THE HISTORY OF COLLEGE FOOTBALL
NCAA NAIA FOOTBALL
College football is one of the most popular sports in the USA. Four college football stadiums, Penn State’s Beaver Stadium, The University of Michigan’s Michigan Stadium, Ohio State’s Ohio Stadium and The University of Tennessee’s Neyland Stadium hold more than 100,000 fans and games are almost always sell out. Even high school football games draw more than 10,000 fans in some areas.
The birth of football in the United States goes back to Nov. 6, 1869, when teams from Princeton and Rutgers universities met in New Brunswick, New York, for the 1st intercollegiate football game. In the early games, each team was allowed twenty five players. By 1873 this number had been reduced to twenty, in 1876 it was reduced again to fifteen, and in 1880 to the present day number of eleven.
Over the years many changes have been made to the game. The playing field itself has been reduced in length from one hundred and twenty yards, exclusive of end zones, to the present one hundred yards, and in width from one hundred yards, to the current fifty three and one third yards.

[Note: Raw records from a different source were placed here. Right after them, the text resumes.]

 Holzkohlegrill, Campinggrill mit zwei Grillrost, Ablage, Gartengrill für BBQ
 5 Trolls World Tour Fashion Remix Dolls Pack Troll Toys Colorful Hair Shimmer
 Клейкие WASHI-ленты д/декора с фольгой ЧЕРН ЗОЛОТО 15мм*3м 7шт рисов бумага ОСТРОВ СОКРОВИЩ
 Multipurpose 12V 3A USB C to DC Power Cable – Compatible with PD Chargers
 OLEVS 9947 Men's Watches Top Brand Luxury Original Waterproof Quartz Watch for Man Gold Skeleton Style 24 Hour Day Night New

The first baal used was round then became an oval shape 23 inches around the middle, and now is 20 3/4 -21 1/4 inches around the middle. Originally a touchdown was counted as two points and a field goal was five points. In the present day game a touchdown is worth six points and a field goal three points. Changes in the rules have been made to maintain a balance between the offense and defense, and to foster the safety of the players.
By 1906, the game was extremely rough, and many injuries and some deaths had occurred. Educators considered dropping the sport despite its popularity on campuses. Then President Theodore Roosevelt, an ardent advocate of strenuous sports, declared that it must be made safer. As a result, football leaders revamped the game and many of the rougher tactics were outlawed.

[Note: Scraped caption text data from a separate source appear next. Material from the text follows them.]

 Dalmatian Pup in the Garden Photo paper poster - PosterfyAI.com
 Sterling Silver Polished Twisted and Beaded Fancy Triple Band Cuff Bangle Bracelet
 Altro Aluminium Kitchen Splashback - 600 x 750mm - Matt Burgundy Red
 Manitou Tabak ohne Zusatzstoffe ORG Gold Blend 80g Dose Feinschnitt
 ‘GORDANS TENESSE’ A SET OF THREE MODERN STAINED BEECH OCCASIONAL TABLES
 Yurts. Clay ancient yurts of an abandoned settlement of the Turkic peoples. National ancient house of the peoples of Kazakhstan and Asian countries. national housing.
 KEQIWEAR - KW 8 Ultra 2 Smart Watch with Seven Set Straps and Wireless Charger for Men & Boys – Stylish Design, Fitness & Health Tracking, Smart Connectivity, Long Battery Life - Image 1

One of the major changes to the rules was the legalizing of the forward pass.
It was hoped, and this hope was proven correct, that by opening up the game fewer players would be injured in the mass rushing plays that were so popular and effective at the turn of the century. The rules committee also changed the downs system, requiring a team to make ten yards, not five, in 3 tries for a 1st down. In 1912 the rule was changed to 4 tries, or downs, to make a 1st down.
After World War Two, college football players began to receive athletic scholarships in such increasing numbers that today nearly every major college football player is paid room, board, tuition, and other expenses, usually from donations from alumni and game profits. At the same time, the quality of the game has improved. Nearly all major college football teams are members of either the National Collegiate Athletic Association (NCAA) or the National Association of Intercollegiate Athletics (NAIA), which implement the rules and oversee competition between teams. most of the major universities are grouped in conferences, such as the Big Ten, the Pacific Ten, the Big Eight, the Southeastern Conference, and the Ivy League. College teams usually play about eleven games a season.